Ada Lovelace: A Pioneer Woman in Smart Industry

Posted 05 November 2021
Ada Lovelace was a pioneer for women working within the field of technology and computing. Commemorating her impact as the worlds first-ever computer programmer and celebrating her significant impact to a commitment central to the Modis mission, we look back at one of the key individuals in the trend towards diversity in technology.

Born in London in 1815, Augusta Ada Byron was immersed in the world of mathematics and science from the age of four. Her mother – Annabella Byron – insisted on ensuring that her daughter tended towards logic and reasoning. Unlike the traits of her idealist and whimsical father – the renowned English poet Lord Byron.

At age 12, like many imaginative children, Ada professed a wish to fly. But unlike her peers, she pursued her ambition conceptually and methodically. She researched possible materials for the construction of wings and examined the anatomy of birds to determine the optimal portions between wingspan and body mass.

A Pioneer Woman in Smart Industry

By 17, Ada’s aptitude for mathematics started to become widely known in London academic circles. Soon, she would meet her future mentor Charles Babbage, a renowned mathematician whose mechanical calculating machines would later see him dubbed “the father of the computer”.

The world’s first algorithm

Ada became fascinated by Babbage’s “Difference Machine”, an incomplete prototype that could make accurate calculations by turning numbered wheels. This would spark a long-standing correspondence between the two.

When Babbage began working on his new Analytical Engine – a successor to his Difference Machine – he enlisted the help of his protégé as an interpreter. In 1842, Ada, now Countess of Lovelace, was asked to translate a study of the Analytical Engine by Italian mathematician Luigi Federico Menabrea.

In the process, she added her own notes and descriptions, effectively tripling the length of the original paper. This included a detailed and clear description of how Babbage’s machine would work and a code for programming the machine using punched cards to calculate a sequence of so-called Bernoulli numbers.

Reclaiming a legacy

Note G – as the code was known – was essentially an algorithm for programming a machine to undertake a set of actions. It was the first of its kind, making Lovelace the world’s first-ever computer programmer.

The significance of Note G is that it was the first attempt to separate what Lovelace termed “the science of operations” from the science of mathematics and established it as its own discipline. As James Essinger argues in A Female Genius, his biography of Lovelace, the “science of operations” is effectively what we today call computing.

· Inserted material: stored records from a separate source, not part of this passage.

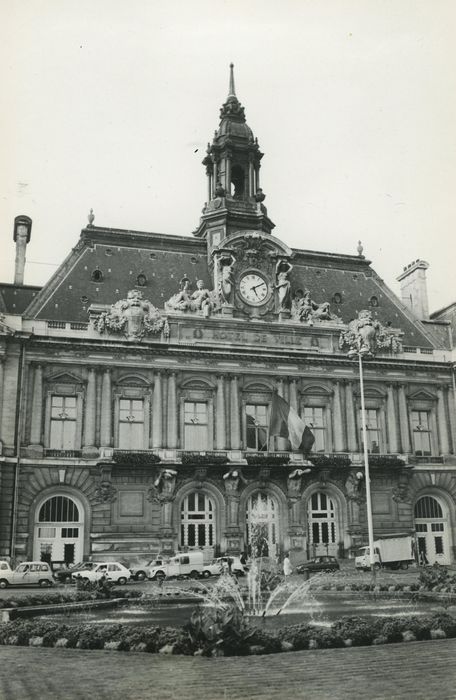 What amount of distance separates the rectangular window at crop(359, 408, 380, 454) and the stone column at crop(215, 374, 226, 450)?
28.0 ft

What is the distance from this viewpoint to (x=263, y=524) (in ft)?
149

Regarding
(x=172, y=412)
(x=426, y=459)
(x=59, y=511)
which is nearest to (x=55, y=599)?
(x=59, y=511)

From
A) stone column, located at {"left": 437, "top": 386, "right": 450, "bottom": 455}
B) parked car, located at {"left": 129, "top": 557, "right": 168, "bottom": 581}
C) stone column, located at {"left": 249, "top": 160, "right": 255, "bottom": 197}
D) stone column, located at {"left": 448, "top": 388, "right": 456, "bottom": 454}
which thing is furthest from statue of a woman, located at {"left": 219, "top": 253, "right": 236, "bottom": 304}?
parked car, located at {"left": 129, "top": 557, "right": 168, "bottom": 581}

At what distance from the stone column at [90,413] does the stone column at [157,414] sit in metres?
3.24

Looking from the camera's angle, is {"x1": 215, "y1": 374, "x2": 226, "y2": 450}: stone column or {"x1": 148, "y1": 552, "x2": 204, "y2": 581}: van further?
{"x1": 215, "y1": 374, "x2": 226, "y2": 450}: stone column

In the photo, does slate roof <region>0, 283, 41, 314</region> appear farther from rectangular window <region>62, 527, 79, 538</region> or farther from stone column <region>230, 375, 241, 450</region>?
stone column <region>230, 375, 241, 450</region>

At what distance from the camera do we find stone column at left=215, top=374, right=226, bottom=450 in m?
45.3

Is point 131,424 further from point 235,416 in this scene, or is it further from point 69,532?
point 69,532

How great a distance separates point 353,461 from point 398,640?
31726 millimetres

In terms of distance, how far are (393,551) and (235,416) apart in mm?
11162

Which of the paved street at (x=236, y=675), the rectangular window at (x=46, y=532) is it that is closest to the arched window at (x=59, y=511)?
the rectangular window at (x=46, y=532)

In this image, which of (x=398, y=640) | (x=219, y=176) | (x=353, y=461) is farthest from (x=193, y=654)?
(x=219, y=176)

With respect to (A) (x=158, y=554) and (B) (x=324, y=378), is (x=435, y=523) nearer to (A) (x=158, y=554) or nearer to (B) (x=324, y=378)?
(B) (x=324, y=378)

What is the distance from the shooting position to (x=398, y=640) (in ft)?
50.7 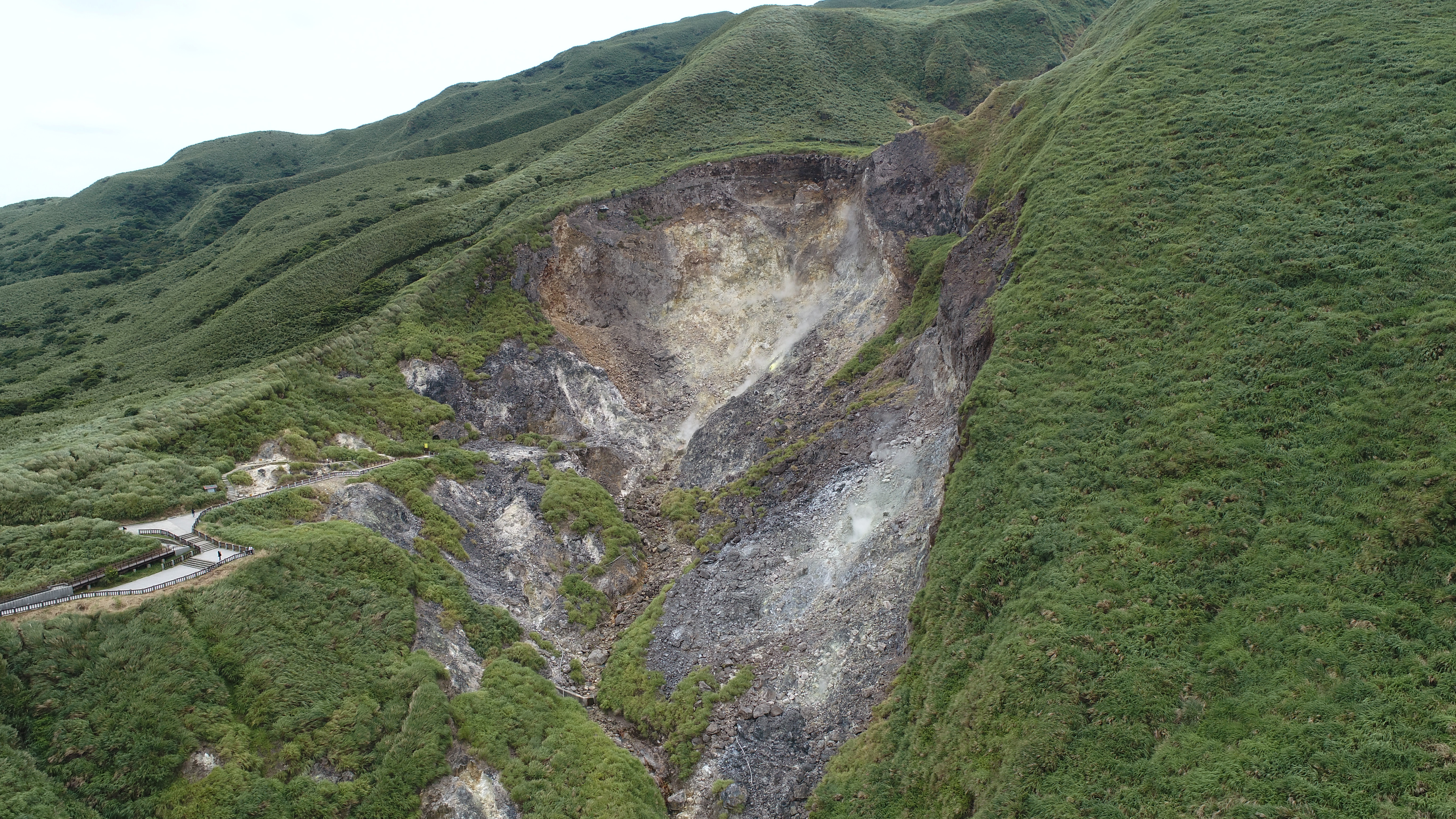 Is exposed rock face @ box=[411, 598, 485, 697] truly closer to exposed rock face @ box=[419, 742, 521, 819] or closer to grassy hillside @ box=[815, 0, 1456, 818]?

Lovelace was also a visionary who predicted the huge potential computing offered. Babbage and his peers saw the Analytical Engine as simply a machine for mathematical calculations. But Lovelace believed it could also be used for sound and images, as long they could be translated into a format that the machine could read.

An impressive legacy

In 1852, Lovelace died from uterine cancer, just 36 years old. For the following century, her work and contribution went largely unacknowledged. However, this started to change in the 1950s, as the proliferation of computers generated renewed interest in the field’s history and early development.

Today, there are countless events, awards, and other commemorative tributes to Ada Lovelace. Still, the most fitting is courtesy of the US Department of Defense. In the 1970s, when it developed a single software language to replace all the different ones in use, it decided to call it “Ada”. It is still the language of choice for safety-critical IT systems such as the military, aviation, health care, space exploration, transportation, and banking.